Talking about myself all day
brought back
something I thought over and
done with. What I’d felt
for Maryann—Anna, she calls
herself now—all those years.

I went to draw a glass of water.
Stood at the window for a time.
When I came back
we passed easily to the next thing.
Went on with my life. But
that memory entering like a spike.

—Raymond Carver
—from The Maverick Poets: An Anthology

WORD(S)

asteism /ASTEE-izm/. noun. A backhanded compliment. Pleasant mockery; genteel, refined or polite irony or insult. Asteisms of the first sort include statements like “that dress makes you look so thin.” The second includes the work of many wits, such as Winston Churchill’s comment about Stafford Cripps that “he has all of the virtues I dislike and none of the vices I admire.” From Greek asteismos (wit or witticism), from asteios (of a city, rather than the country).

“The garrulous brother of the taciturn Holy Roman Emperor Charles V once tried to cajole Charles into dinner conversation. Charles used asteism when he replied, ‘What need that brother, since you have words enough for us both.’” (Bryan Garner)

“‘Asteism?’ Love questioned. ¶ ‘A more delicate form of sarcasm—sarcasm sharpened to its most exquisite and impalpable point.’” (Inez Hayes Irwin)

WEB

  1. These Squiggly Signatures Are Actually Shakespeare’s Sonnets [Thanks, Reader C.!]

  2. More than 6000 handwritten, sketched and typed objects revealed… → Bob Dylan’s Secret Archive

  3. Sarah Sitkin’s organic body-based art weirds me out. I can’t get her hyperrealistic human ear iPhone case out of my head.

  4. One artist has exclusive rights (for use in “the field of art”) to the vaunted Vantablack. → Anish Kapoor Gets Exclusive Rights to the World’s Darkest Material

  5. Today in 1873, the United States Congress passes an “Act for the Suppression of Trade in, and Circulation of, Obscene Literature and Articles of Immoral Use” A.K.A. the “Comstock Law,” criminalizing the sending of “obscene, lewd, or lascivious” material using the United States Postal Service. The law was informally named after crusader Anthony Comstock (from whom were derived the related terms comstockery and comstockism) who’d waged an intense war against, essentially, the burgeoning Free Love movement, and what he considered indecent, including not just erotica and sex toys but also, crucially, contraceptives and any materials referring to them. Parts of the law stood until as late as the 1960s, though the parts of the law regarding birth control had been struck down through the actions of Margaret Sanger, whose legacy also includes founding the organizations that would become Planned Parenthood.

WATCH/WITNESS

The Wintergatan Marble Machine [click to view/listen]
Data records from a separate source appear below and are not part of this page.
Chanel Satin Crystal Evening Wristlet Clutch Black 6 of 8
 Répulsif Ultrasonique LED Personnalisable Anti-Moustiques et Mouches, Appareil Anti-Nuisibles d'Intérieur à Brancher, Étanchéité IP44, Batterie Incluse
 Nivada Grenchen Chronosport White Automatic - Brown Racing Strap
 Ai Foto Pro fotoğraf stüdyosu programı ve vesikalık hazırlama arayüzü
3000 parts, 2000 marbles, all kinds of music: meet the Wintergatan Marble Machine

REPRISES/RESPONSES/REJOINDERS/RIPOSTES

  • Reader B. explored further: “So I clicked on the URL [for The Diagram Prize] and read, among other things, ‘and a photography book showcasing the beautiful architecture of bus stops in the former Soviet Union’. I couldn’t let this go. A quick search and voila! You should take a peek at this: http://herwigphoto.com/project/soviet-bus-stops/” — I’m intrigued!

  • A different Reader B. on slower writing: “Typing with one hand sounds as bad as severing it from my blood-spouting wrist.”